Following his 1962 travelling retrospective organised by the Solomon R. Guggenheim Museum, Guston took a hiatus from painting, only revisiting the medium when he began the ‘dark pictures.’ Once he returned to his brushes and pigments, he started to paint with new urgency, employing the wet-on-wet technique so as to limit the time spent on each composition. ‘As I work I find I get involved with an image—and I begin to concentrate on that in a way that I didn’t before', he explained. 'It’s there the colour disappears’ (P. Guston quoted in ‘Conversation with Bill Berkson’, 1964, in C. Coolidge (ed.), Philip Guston: Collected Writings, Letters, and Conversations, Berkeley 2011, p. 32). Continuing a long tradition of monochromatic painting, Guston elected to restrict his colour palette, believing that such restraint would shift his attention towards other pictorial nuances. In doing so, a new tactility materialised in his work. Even as Guston saw his greys as an act of erasure, he simultaneously built up thick layers of paint, and out of this impasto surface, dark heads revealed themselves.

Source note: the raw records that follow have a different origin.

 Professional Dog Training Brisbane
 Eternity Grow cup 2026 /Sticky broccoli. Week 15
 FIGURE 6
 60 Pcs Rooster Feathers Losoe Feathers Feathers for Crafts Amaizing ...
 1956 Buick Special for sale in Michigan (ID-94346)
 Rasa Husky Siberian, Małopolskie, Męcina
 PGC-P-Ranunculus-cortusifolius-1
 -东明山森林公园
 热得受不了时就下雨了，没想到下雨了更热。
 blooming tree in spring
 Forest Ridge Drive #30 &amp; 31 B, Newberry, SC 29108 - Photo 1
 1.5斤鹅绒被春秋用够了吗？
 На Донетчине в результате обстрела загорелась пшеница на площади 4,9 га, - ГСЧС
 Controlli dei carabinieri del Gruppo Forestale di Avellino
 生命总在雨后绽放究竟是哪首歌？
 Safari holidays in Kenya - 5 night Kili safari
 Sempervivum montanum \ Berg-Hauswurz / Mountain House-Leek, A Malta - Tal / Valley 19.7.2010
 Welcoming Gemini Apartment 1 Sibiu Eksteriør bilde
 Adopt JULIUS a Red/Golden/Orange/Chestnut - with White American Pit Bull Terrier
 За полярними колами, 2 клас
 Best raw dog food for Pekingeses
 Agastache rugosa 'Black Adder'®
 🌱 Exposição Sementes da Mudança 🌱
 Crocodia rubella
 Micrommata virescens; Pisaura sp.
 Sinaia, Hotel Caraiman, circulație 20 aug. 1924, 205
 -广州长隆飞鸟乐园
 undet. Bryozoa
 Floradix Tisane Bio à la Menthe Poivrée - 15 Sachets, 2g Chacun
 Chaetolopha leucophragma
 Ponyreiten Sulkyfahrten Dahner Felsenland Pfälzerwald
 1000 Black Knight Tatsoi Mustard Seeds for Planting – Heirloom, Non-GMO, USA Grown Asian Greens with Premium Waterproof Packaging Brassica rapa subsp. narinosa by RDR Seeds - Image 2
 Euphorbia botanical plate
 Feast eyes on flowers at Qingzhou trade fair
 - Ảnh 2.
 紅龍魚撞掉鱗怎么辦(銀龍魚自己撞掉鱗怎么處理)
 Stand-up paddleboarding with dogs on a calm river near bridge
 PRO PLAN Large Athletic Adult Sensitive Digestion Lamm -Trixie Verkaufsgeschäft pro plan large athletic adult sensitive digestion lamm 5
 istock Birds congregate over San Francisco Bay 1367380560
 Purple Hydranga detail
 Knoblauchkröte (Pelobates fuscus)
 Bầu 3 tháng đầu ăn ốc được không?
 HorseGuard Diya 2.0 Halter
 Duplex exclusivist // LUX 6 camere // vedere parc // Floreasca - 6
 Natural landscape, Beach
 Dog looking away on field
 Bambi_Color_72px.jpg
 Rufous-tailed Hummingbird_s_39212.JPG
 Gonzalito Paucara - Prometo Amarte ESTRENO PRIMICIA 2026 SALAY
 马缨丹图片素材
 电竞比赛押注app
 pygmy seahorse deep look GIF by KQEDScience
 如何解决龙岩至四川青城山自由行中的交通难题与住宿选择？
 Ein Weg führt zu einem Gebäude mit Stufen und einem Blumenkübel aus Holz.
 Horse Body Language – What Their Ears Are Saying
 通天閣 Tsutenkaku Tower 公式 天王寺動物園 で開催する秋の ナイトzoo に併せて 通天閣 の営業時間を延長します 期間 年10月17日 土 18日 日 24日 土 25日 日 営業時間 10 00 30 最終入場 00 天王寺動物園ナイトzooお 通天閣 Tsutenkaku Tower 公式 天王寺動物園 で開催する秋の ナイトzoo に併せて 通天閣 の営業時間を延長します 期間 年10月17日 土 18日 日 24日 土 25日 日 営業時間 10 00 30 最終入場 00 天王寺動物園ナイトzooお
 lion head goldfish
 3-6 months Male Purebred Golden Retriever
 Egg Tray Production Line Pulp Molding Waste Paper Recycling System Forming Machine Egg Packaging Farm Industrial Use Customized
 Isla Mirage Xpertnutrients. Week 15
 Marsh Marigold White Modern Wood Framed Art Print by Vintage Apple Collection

Although still reliant on some of the technical strategies of the Abstract Expressionists—bold, painterly gestures and dense, agitated brushwork—Guston’s new canvases were a far cry from his earlier output. The darker tonalities coupled with the weightiness of Untitled offer a profound counterpoint to his earlier diaphanous, colourful grids. Then there is the head, a distinctly anti-abstract presence, which enabled Guston to make visible his sudden ‘urge’ for images. It was this emergent figuration, finally, that would fuel the magisterial last two decades of his work. As the artist reflected, ‘I think that probably the most potent desire for a painter, an image-maker, is to see … what the mind can think and imagine, to realise it for oneself, through oneself, as concretely as possible’ (P. Guston, ‘Talk at “Art / Not Art” Conference’, March 1978, in op. cit., 2011, p. 281).